Un artificio legale che, secondo le indiscrezioni, sarebbe messo in atto accusando Salvatore Girone e Massimiliano Latorre di «violenza contro l’equipaggio di un’imbarcazione», capitolo «a» dell’articolo 3 della legge, per una pena massima di 10 anni di detenzione. Rinunciando all’accusa di omicidio, il procuratore generale Vahanvati toglierebbe dal panorama dell’ipotetico, una volta per tutte, lo spauracchio della pena di morte. Non è da escludere che l’accusa possa procedere contro i due marò per l’omicidio – intenzionale o colposo – di Ajesh Binki e Valentine Jelastine, presentando l’impegno ufficiale del governo indiano a non contemplare la pena di morte nel dibattimento, evitando grattacapi burocratici.

Pena di morte o meno, il Sua act per l’Italia rappresenta una scelta «inaccettabile», parafrasando un tweet del presidente del consiglio Enrico Letta, poiché equiparerebbe i due militari in servizio anti pirateria a due pirati. Questa la risposta formale e indignata degli esponenti del governo italiano, col ministro degli Esteri Bonino che, respingendo l’idea di un’Italia «paese terrorista» in virtù della sentenza, minaccia – tra le strade legali percorribili – un ricorso italiano al Tribunale del Mare dell’Onu.
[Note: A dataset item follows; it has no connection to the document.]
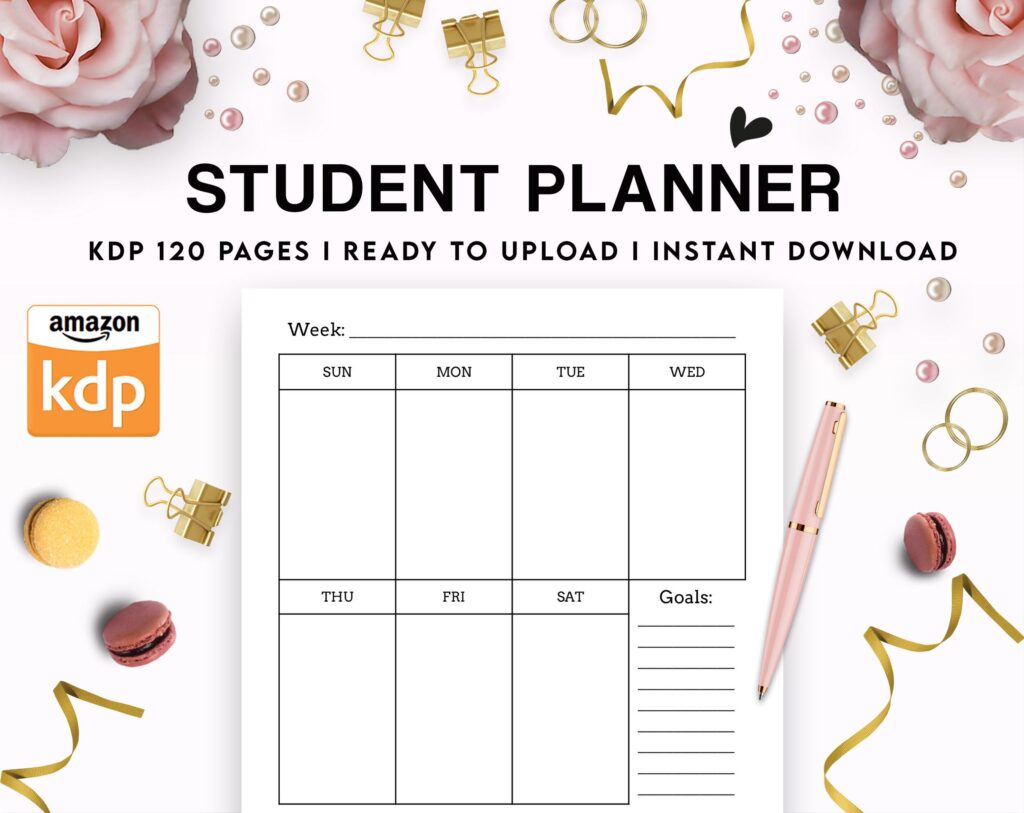 Student Planner Journal 120 pages Ready to Upload PDF Commercial Use KDP Template 6×9″ 8.5×11″ for Low Content book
Il pool di giudici della Corte suprema si pronuncerà in merito il 18 febbraio, quando sul piatto della bilancia peseranno anche le obiezioni mosse dalla difesa dei marò, che ha sottolineato come ricorrere al Sua act sia in contrasto con la precedente sentenza della Corte suprema del gennaio 2013 (la legge anti pirateria, all’epoca, non era contemplata) e ribadito la richiesta di rimpatrio di Latorre e Girone fino al termine delle indagini.
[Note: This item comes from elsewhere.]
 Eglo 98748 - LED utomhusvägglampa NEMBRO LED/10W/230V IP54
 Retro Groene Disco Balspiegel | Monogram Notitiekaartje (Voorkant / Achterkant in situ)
Le motivazioni che hanno spinto l’accusa ad abbracciare una legge così «dura» potrebbero essere molteplici: un eccesso di aderenza alla burocrazia che lega la National Investigation Agency (Nia) all’utilizzo di leggi federali anti terrorismo; la rappresaglia per il mancato rispetto degli impegni presi dall’Italia circa la deposizione degli altri quattro marò, interrogati in via telematica dall’ambasciata indiana a Roma (che si aggiunge all’imbarazzante gestione Terzi del ritorno in India dei marò nel febbraio 2013); mostrare all’elettorato un’India governata dall’Indian National Congress (Inc) dell’«italiana» Sonia Gandhi come un paese intransigente, in vista delle politiche imminenti; creare un precedente intimidatorio, per ituazioni analoghe future che possono coinvolgere terroristi pakistani o le guardie costiere cingalesi e bangladesi, che pattugliano territori contesi. Rimane il fatto che il caso Enrica Lexie, a quasi due anni dall’arresto dei marò, rischia di essere fagocitato dalla campagna elettorale in corso, con l’Inc alla ricerca di consensi e la destra indiana del Bharatiya Janata Party (Bjp) pronta ad accusare di favoritismi Sonia Gandhi.

Analizzando il testo del Sua act, le ragioni dell’opposizione italiana alla legge anti pirateria – versione indiana di una Convenzione internazionale, ratificata da India e Italia – hanno dei risvolti più strategici che di facciata.
L’articolo 13 prevede la cosiddetta «inversione dell’onere della prova»: in presenza di indizi di colpevolezza sostanziali come la prova di ricorso alla forza letale e il sequestro di armi da fuoco e proiettili compatibili coi fori repertati sulla scena del crimine – elementi che l’India dice di avere in proprio possesso – «la Corte dovrà presumere, se non sarà provato il contrario, che gli accusati abbiano commesso il reato». Un’eventualità che, visto il contesto probatorio decisamente ingarbugliato, l’Italia ha intenzione di scongiurare con ogni mezzo.